Changing Business Models
Flat rate is unsustainable
Imagine if your utility bills were the same, month after
month, whether you used very little water or electricity every day, or you ran
your water and your air conditioner at a full blast, 24 hours a day. You are
entitled to consume as much or as little as you wish, anytime you want it.
Chances are that you would not accept such a service agreement. Not only because
it is not a fair arrangement, but also because such wasteful consumption would
put pressure on the finite supply of water and electricity. The result would be
that most of your normal demands for usage would most likely, go unfulfilled.

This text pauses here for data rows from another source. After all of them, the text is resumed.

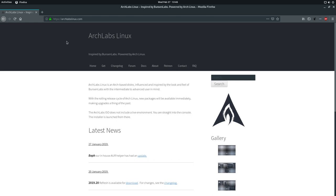So, this one, Arch Labs is, I believe it's based on several different things. Obviously, it's Arch based, but it says inspired by Bunsen Labs, powered by Arch Linux. So, Bunsen Labs, as far as I'm aware, is the project that replaced CrunchBang.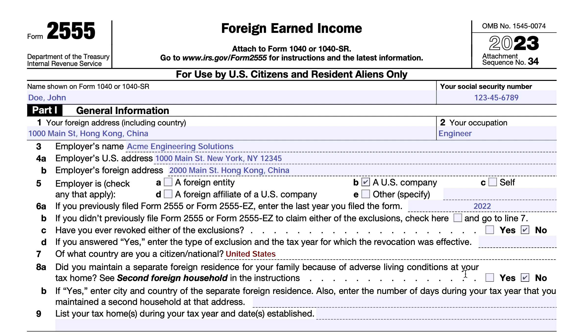You would also list your tax homes during the tax year and the dates established. In this case, John Doe just has his tax home in Hong Kong, China for the year.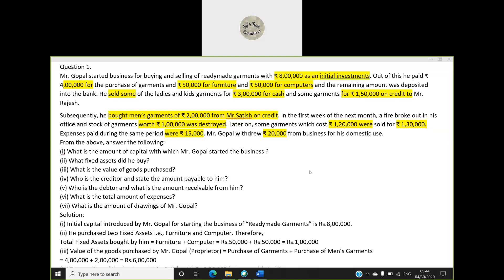Question number five: who is the debtor and what is the amount receivable from him? Tanishka has given the right answer — the debtor is Mr. Rajesh and the amount receivable from him is one lakh fifty thousand.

As high speed, broadband access deployment moves to the next
stage, intense competition has created the need for all service providers to
redefine business models and objectives. Serious considerations must be made to
abandon certain old habits and practices left over from the early Internet
frenzy days, most notably, the ‘flat rate’ fee structure. No service
provider can hope to stay in business for long by continuing to offer a single,
egalitarian ‘flat rate’ access service to all subscribers, regardless of
actual usage.
The new paradigm for delivering IP-based services is also
forcing the service providers to adopt newer business models. The retention of
customers will require that a service provider offers different class of service
options and associated tariffs, while guaranteeing the quality of subscribed
services. ‘Back Office’ usage-based accounting and subscriber billing,
becomes an important competitive differentiation in the new era of convergent IP
services over the broadband networks from cable and wireless to DSL networks.
The value-added paradigm
A live and typical broadband example is that of Singapore
Telecommunications (SingTel), a premier provider of domestic, international and
mobile telecommunications as well as postal services. It aims to be the first
truly pan-Asian total communications carrier, with a reach unmatched by any
other operator in Asia-Pacific. SingTel has deployed a IP service management
solutions package, ERX-1400, to offer additional value-added capabilities to its
customers, such as the recently announced iTV service.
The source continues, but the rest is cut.